**Instructions to follow**
Transcribe exactly the lines that fall between the one holding "20070623Camping4104" and the one holding "sommerray Altpins Profile Picture", inclusive, from the entries below.
BEGIN Data shown
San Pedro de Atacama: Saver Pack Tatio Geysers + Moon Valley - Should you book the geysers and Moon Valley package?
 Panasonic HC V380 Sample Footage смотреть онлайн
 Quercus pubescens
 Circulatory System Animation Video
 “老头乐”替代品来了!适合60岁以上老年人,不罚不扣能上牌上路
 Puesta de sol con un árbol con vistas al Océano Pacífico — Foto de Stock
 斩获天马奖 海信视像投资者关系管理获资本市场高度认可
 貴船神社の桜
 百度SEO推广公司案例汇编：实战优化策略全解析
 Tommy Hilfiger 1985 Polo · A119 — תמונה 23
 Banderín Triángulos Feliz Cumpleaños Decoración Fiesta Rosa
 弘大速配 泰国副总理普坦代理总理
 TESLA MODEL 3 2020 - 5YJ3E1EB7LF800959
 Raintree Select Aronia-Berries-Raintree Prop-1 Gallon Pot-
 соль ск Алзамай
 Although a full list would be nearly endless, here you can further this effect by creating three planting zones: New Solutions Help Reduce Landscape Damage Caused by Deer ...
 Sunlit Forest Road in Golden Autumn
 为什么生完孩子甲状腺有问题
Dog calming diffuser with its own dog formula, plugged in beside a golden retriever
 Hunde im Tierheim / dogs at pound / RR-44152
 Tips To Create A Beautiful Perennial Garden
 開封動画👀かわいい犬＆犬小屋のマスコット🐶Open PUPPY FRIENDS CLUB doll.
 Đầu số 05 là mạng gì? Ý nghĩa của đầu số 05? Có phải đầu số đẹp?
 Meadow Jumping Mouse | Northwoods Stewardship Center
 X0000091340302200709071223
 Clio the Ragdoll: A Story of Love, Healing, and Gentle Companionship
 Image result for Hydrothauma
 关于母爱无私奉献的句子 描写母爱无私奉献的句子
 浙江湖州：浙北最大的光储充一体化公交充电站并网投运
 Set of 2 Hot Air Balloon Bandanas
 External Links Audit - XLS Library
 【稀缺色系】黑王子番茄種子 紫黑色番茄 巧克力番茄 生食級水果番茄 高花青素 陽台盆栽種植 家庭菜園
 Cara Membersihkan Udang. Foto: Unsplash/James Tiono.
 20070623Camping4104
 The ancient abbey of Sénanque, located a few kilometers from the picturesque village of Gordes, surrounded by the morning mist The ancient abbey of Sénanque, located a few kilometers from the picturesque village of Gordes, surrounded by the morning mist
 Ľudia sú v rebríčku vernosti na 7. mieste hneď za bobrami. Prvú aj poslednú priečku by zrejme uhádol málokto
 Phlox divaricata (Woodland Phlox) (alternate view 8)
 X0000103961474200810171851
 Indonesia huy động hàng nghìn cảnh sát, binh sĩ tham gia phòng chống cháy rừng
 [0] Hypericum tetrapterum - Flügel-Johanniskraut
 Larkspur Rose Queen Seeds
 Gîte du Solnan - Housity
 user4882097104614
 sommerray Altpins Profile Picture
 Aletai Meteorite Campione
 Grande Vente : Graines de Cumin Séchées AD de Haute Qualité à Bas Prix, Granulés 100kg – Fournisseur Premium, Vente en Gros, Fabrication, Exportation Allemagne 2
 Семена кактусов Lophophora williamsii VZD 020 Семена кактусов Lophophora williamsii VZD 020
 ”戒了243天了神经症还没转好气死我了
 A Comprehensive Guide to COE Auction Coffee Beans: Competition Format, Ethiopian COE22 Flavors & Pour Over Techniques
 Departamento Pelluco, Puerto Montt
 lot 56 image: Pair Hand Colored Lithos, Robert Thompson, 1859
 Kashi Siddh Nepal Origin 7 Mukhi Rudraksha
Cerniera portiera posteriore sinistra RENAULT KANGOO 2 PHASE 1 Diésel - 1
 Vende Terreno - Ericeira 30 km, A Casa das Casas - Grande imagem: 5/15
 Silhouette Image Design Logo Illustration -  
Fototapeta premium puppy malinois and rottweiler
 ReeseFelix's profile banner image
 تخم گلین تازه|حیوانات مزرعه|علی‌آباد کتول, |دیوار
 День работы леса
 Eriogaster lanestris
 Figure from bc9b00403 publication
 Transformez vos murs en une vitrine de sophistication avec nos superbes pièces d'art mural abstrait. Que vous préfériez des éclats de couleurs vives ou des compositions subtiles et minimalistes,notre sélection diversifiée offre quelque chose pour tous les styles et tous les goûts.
END Data shown
**Output**
 20070623Camping4104
 The ancient abbey of Sénanque, located a few kilometers from the picturesque village of Gordes, surrounded by the morning mist The ancient abbey of Sénanque, located a few kilometers from the picturesque village of Gordes, surrounded by the morning mist
 Ľudia sú v rebríčku vernosti na 7. mieste hneď za bobrami. Prvú aj poslednú priečku by zrejme uhádol málokto
 Phlox divaricata (Woodland Phlox) (alternate view 8)
 X0000103961474200810171851
 Indonesia huy động hàng nghìn cảnh sát, binh sĩ tham gia phòng chống cháy rừng
 [0] Hypericum tetrapterum - Flügel-Johanniskraut
 Larkspur Rose Queen Seeds
 Gîte du Solnan - Housity
 user4882097104614
 sommerray Altpins Profile Picture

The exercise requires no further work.